Solopos.com, KLATEN – Polres Klaten menunggu hasil observasi kejiwaan anak yang menggorok leher ibunya hingga meninggal dunia. Hal itu untuk memastikan kelanjutan proses hukum kepada pelaku.

Seperti diberitakan sebelumnya, Juwariyah, 60, warga Dukuh/Desa Pepe, Kecamatan Ngawen, Klaten ditemukan dalam kondisi meninggal dunia  bersimbah darah di ruang utama rumahnya dengan posisi leher terputus, Minggu (29/4/2018) malam. Kepada warga, anak korban bernama Budi, 33, mengaku membunuh ibunya dengan menggorok leher. Dari peristiwa itu, polisi menyita satu bilah golok sebagai barang bukti.

Kapolres Klaten, AKBP Juli Agung Pramono, melalui Kasatreskrim Polres Klaten, AKP Suardi Jumaing, menjelaskan Budi sudah dibawa ke RSJD Dr. RM. Soedjarwadi guna menjalani observasi kejiwaan.

“Observasi kejiwaan itu minimal 21 hari. Kalau memang RSJD masih membutuhkan observasi lanjutan, nanti akan menyampaikan. Untuk proses hukum lebih lanjut, kami menunggu hasil observasi. Statusnya [Budi] saat ini masih sebagai terlapor,” kata Kasatreskrim saat ditemui wartawan di mapolres, Senin (30/4/2018).

Dari hasil catatan di RSJD, Budi diketahui pernah dirawat di rumah sakit tersebut dan kali terakhir kontrol pada 9 Februari 2018. Ia mulai rutin kontrol kejiwaan di RSJD sejak 2013 silam. “Dia juga masih tercatat dirawat di Dinas Sosial,” katanya.

Kasatreskrim menjelaskan berdasarkan keterangan warga setempat Budi terindikasi mengalami gangguan kejiwaan sejak lulus SMK pada 2003 lalu. Pelaku kerap menyampaikan keinginan untuk bunuh diri. Kali terakhir ia menyampaikan keinginan bunuh diri pada Sabtu (29/4/2018).

“Selama ini kegiatannya [Budi] membantu orangtua di rumah. Kalau mengobrol dengan warga sekitar itu biasa. Namun, kadangkala apa yang diomongkan itu tidak terlalu ditanggapi karena warga sudah tahu kondisinya.
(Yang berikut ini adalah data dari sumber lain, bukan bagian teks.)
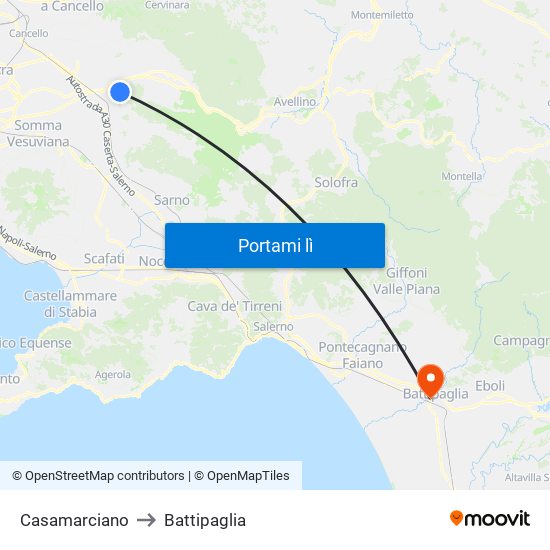 Casamarciano to Battipaglia map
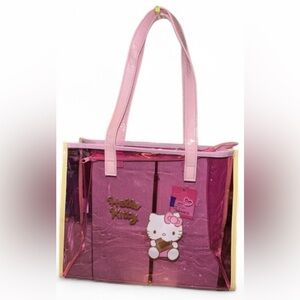 NWT Sanrio hello kitty pink clear PVC tote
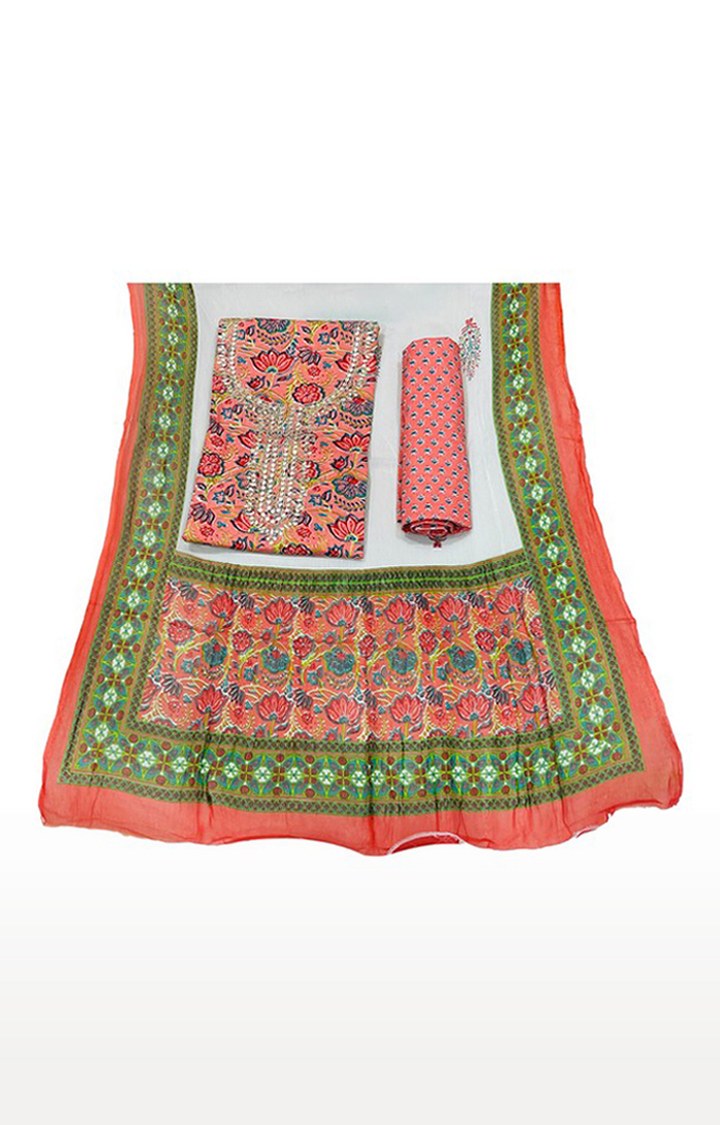 Peach Gota Patti Dress Material With Chiffon Dupatta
Satu hari sebelum kejadian, pelaku menyampaikan akan bunuh diri. Oleh kerabatnya diingatkan jangan melakukan hal itu,” urai dia.
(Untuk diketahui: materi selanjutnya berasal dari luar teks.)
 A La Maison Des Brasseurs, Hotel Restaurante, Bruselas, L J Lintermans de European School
Kasatreskrim mengatakan belum diketahui motif pelaku membunuh ibunya. Saat ditanya polisi, jawaban yang disampaikan Budi tak nyambung dengan pertanyaan yang diajukan. “Untuk motif hingga saat ini belum bisa disampaikan. Belum ada saksi yang melihat langsung kejadian itu. Pelaku juga belum dalam kondisi normal. Ketika ditanya ia berulang kali menyebut bau kembang. Sementara, suami korban masih syok belum bisa dimintai keterangan,” jelas Kasatreskrim.